Numericalize is typically used as part of a Pipeline within the fastai DataBlock API, but can also be used standalone for manual inspection and debugging.
Usage
Use Numericalize after tokenization is complete and before constructing data loaders. It is essential to call setup() on the training data before encoding, and the same Numericalize instance (with its learned vocabulary) must be reused for validation, test, and classifier data.
Code Reference
Source Location
- Repository: fastbook
- File: translations/cn/10_nlp.md (lines 353-370)
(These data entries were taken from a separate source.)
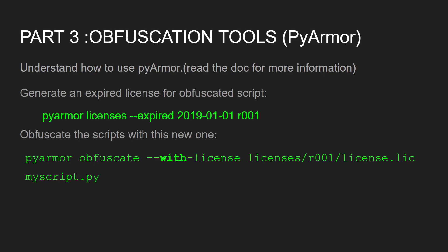You can also generate an expired license for obfuscated scripts. This license will expire — for example, like shown here. The process is that first you need to generate a license, then use that license with the obfuscation.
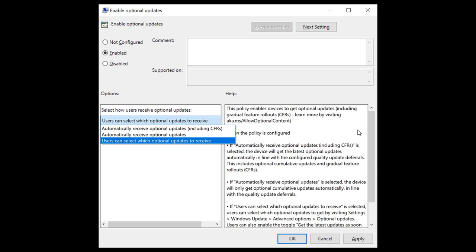So if you enable this policy, you can select how optional updates are made available to users within your organization. And here we can see the three options include, the first is automatically receive optional updates including CFRs. The second is automatically receive optional updates. And then the third, users can select which optional updates to receive.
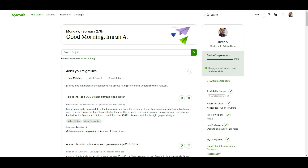Hello everyone, welcome back to our channel. Today we are going to talk about how to verify your identity on Upwork. If you're new to the Upwork platform or looking to increase your chance of getting hired, completing the verification process is an important step. In this video we will go through the different methods of identity verification and guide you through the process step by step.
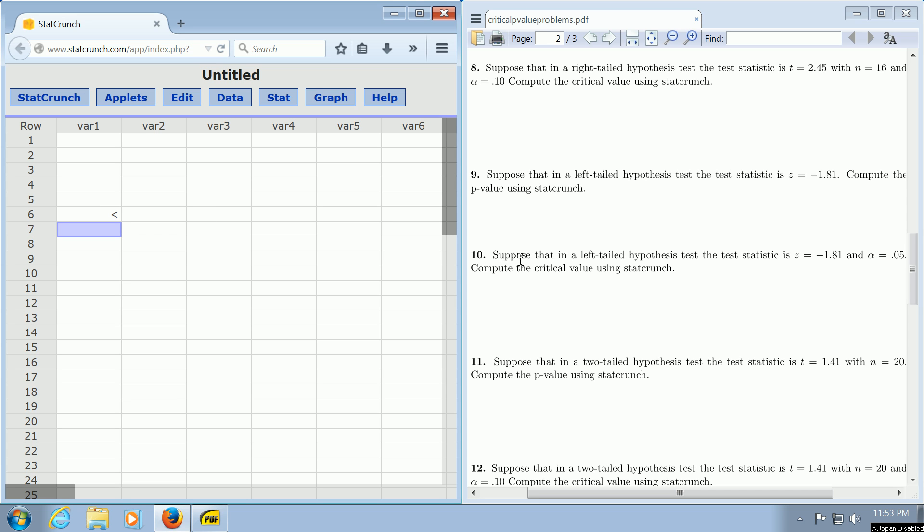It says suppose that in a left-tailed hypothesis test, that means you have a less-than sign, the test statistic is negative 1.81, and alpha, which is the level of significance, is 0.05. Compute the critical value using StatCrunch.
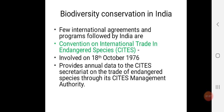The first one is the Convention on International Trade in Endangered Species — CITES. India became a party to CITES on 18th October 1976.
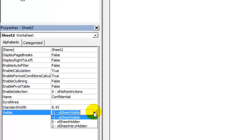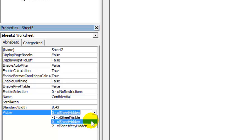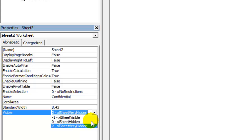On the drop-down list next to it, there are three available options. First is xlSheetVisible — if selected, the sheet will be visible as it normally is. The second one is xlSheetHidden, which is the regular method of hiding. The third one is the one you're looking for: xlSheetVeryHidden.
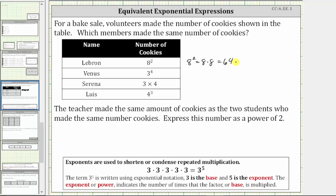We now know LeBron made 64 cookies. Venus made three raised to the power of four cookies. Because the exponent is four and the base is three, three to the fourth is equal to four factors of three, which is equal to 81. Venus made 81 cookies.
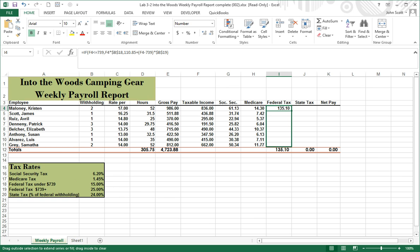135.10 is the correct number. We go ahead and drag that formula through, and now we've got our numbers all the way through for federal income tax.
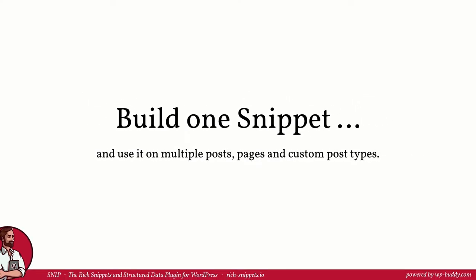Again, the Global Snippets functionality allows you to create one schema that can be used on multiple posts, pages and custom post types. It replaces the variables with the current values from each post.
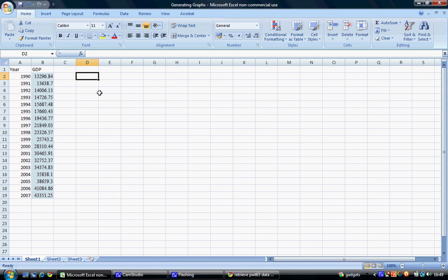This is a video tutorial to accompany the handout and data set labeled Generating Graphs. In Microsoft Word and Excel 2007 and 2010, what we can do,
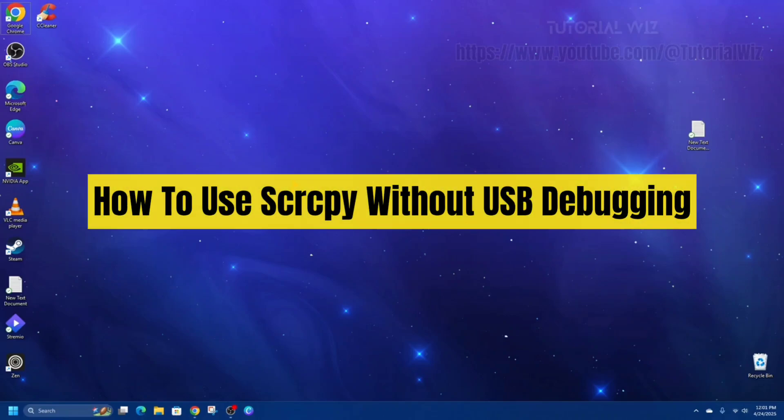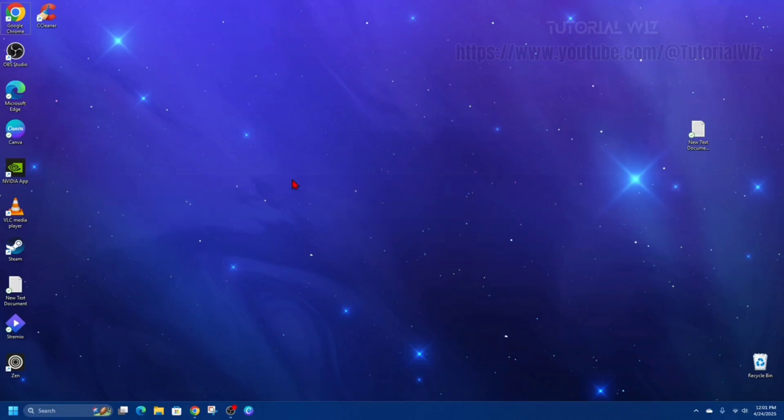In this video I'm going to show you how to use screen copy without USB debugging. If you find this video helpful, please consider to like this video and subscribe to my channel.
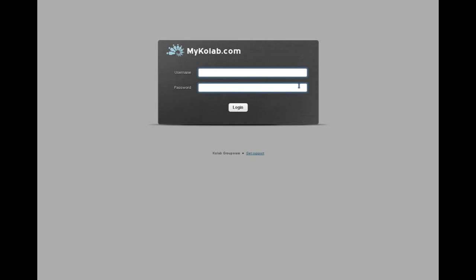Welcome to our 10 minutes of Kolab.org 3.1 release screencast. We will run you through some of the new features on our mycolab.com installation, since that is still virtually identical in features to what 3.1 has to offer.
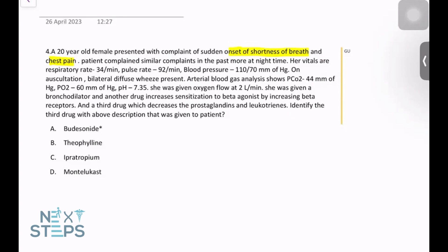This patient is having asthma, because she has been having shortness of breath, chest pain, and similar complaints in the past. She was given oxygen flow at two liters, a bronchodilator, another drug which increases sensitization to beta agonists by increasing the beta receptors, and a third drug which decreases the prostaglandins and leukotrienes. Identify this third drug.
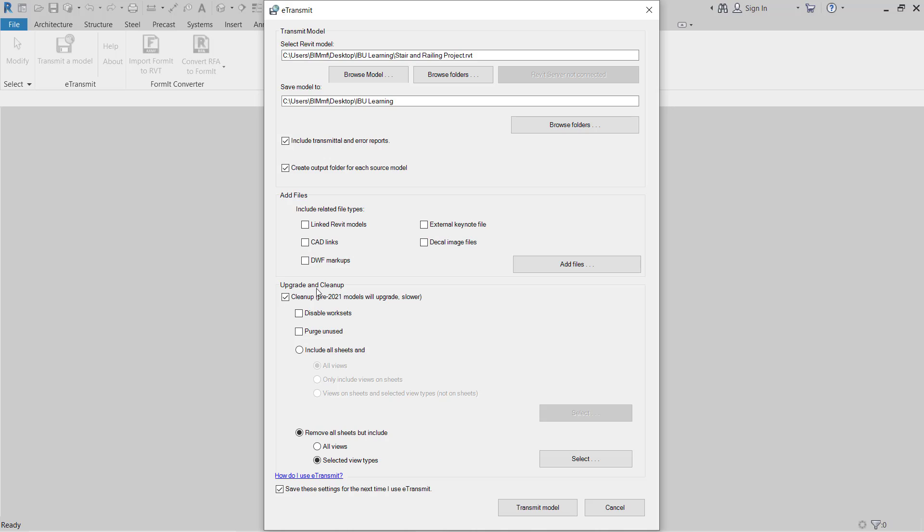Now you can upgrade and clean up. If your model is on a previous version, so you can check this one. This will give you to upgrade the model to the current version of the working Revit. You have to check cleanup, and then if you want to disable workset, you can click to disable the workset. If you don't need workset, okay, you want to keep as it is, so keep as it is. But you can purge, this is the important. Purge unused elements, models inside the model, like any families or 3Ds or any parameters. If you don't need it, okay, you are not using in the model, so it will purge.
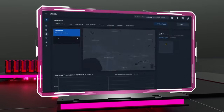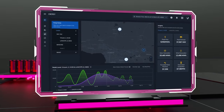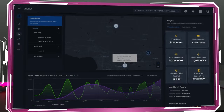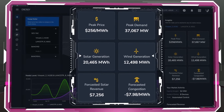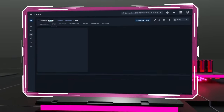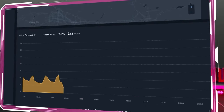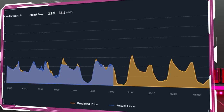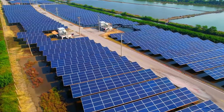The Forecaster module evaluates market and grid conditions in real time to generate highly accurate short and long-term predictions about the future supply, demand, and price of energy. With iterative machine learning, these predictions are compared to actual results, allowing Forecaster to learn and become increasingly accurate over time.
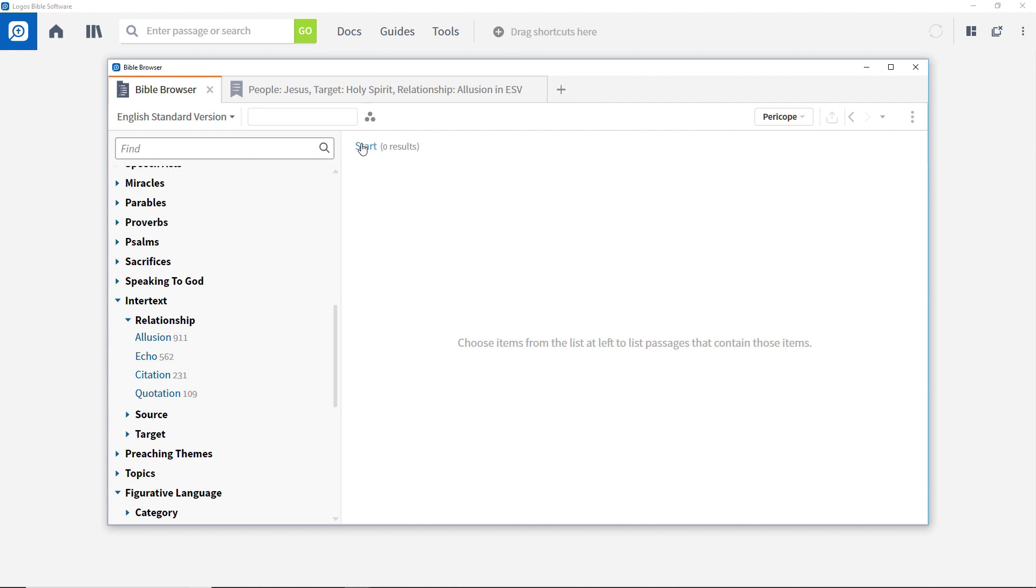The Bible browser is very helpful when you are interested in particular categories of information and want to see where they appear, typically in combination with other categories, throughout the Bible. The next video will look at the Concordance tool and will show some of the different ways it allows the content of Bibles and other resources to be analyzed.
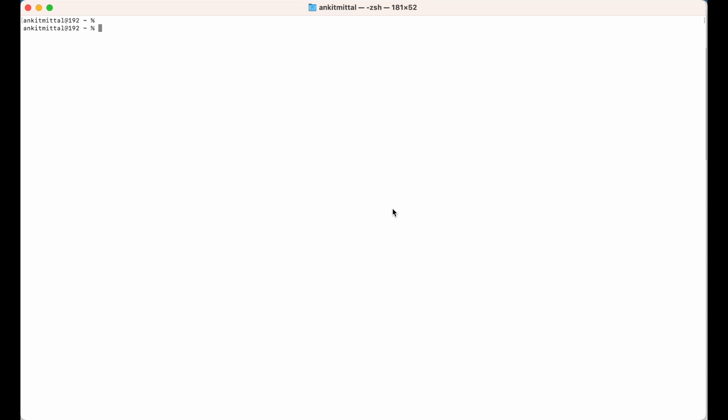We will create the virtual environment and inside that environment we will install the SimPy library. For that, Python should be installed on your machine. Let's verify whether Python is installed using the command python3 --version. If you find similar output then Python 3 is installed; otherwise you can refer to another video available on this channel, and you will find the link in the description below.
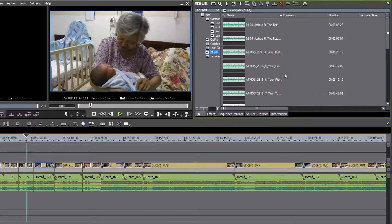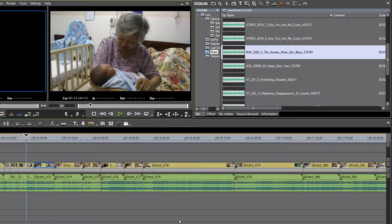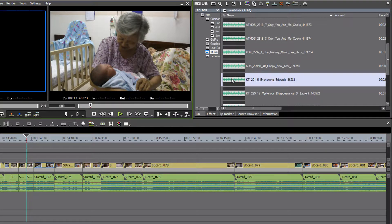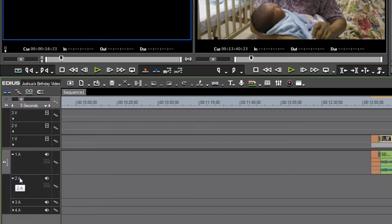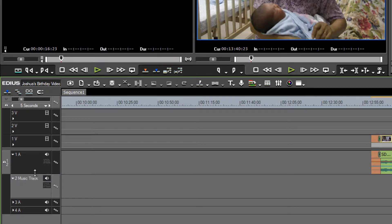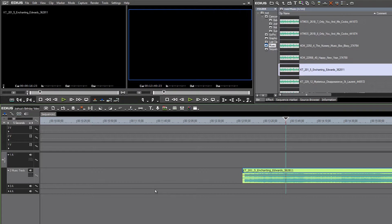This first one, with baby being so new and young, I want it to have a very lullaby feel. I've done a search of my licensed music to find a nursery lullaby feel. Let's check out a couple here — I think that might work. Let's bring that down to our music track. You can rename tracks from the default 1a, 2a — just right-click and rename. We'll call this the music track.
- Library module: fastai.text.core
Signature
class Numericalize(Transform):
"Transform that maps token strings to integer indices via a vocabulary"
def __init__(
self,
min_freq: int = 3, # Minimum token frequency to include in vocab
max_vocab: int = 60000, # Maximum vocabulary size
special: list = None # Special tokens (defaults to fastai defaults)
):
...
def setup(
self,
items: list = None # Collection of tokenized texts to build vocab from
):
...
def encodes(self, o: list) -> TensorText:
"Convert token list to integer tensor"
...
def decodes(self, o: TensorText) -> list:
"Convert integer tensor back to token list"
...
Import
from fastai.text.all import Numericalize
I/O Contract
Inputs
| Name | Type | Required | Description |
|---|---|---|---|
| min_freq | int | No | Minimum number of times a token must appear to be included in the vocabulary. Default: 3. |
| max_vocab | int | No | Maximum number of tokens in the vocabulary (excluding special tokens). Default: 60,000. |
| special | list | No | List of special token strings to prepend to the vocabulary. Defaults to ['xxunk', 'xxpad', 'xxbos', 'xxeos', 'xxfld', 'xxrep', 'xxwrep', 'xxup', 'xxmaj']. |
| items | list of list of str | Yes (for setup) | Collection of tokenized texts used to build the vocabulary during the setup call. |
| o | list of str | Yes (for encodes) | A single tokenized text (list of token strings) to convert to integer indices. |
Outputs
| Name | Type | Description |
|---|---|---|
| vocab | list of str | The ordered vocabulary list. vocab[i] gives the token string for index i. Accessible as .vocab attribute after setup(). |
| encoded | TensorText | A 1-D integer tensor of token indices. Each element is the vocabulary index of the corresponding token. |
| decoded | list of str | Token strings recovered from integer indices (via decodes). |
Usage Examples
Basic Usage
from fastai.text.all import Numericalize, Tokenizer, WordTokenizer
# Tokenize some sample texts
tok = Tokenizer(WordTokenizer())
texts = [
"This movie was great and I loved it.",
"This movie was terrible and I hated it.",
"A wonderful film with great acting."
]
tokenized = tok(texts)
# Build vocabulary from tokenized texts
num = Numericalize(min_freq=1, max_vocab=60000)
num.setup(tokenized)
# Inspect the vocabulary
print(num.vocab[:15])
# Output: ['xxunk', 'xxpad', 'xxbos', 'xxeos', 'xxfld', 'xxrep', 'xxwrep',
# 'xxup', 'xxmaj', 'this', 'movie', 'was', 'and', 'i', 'it']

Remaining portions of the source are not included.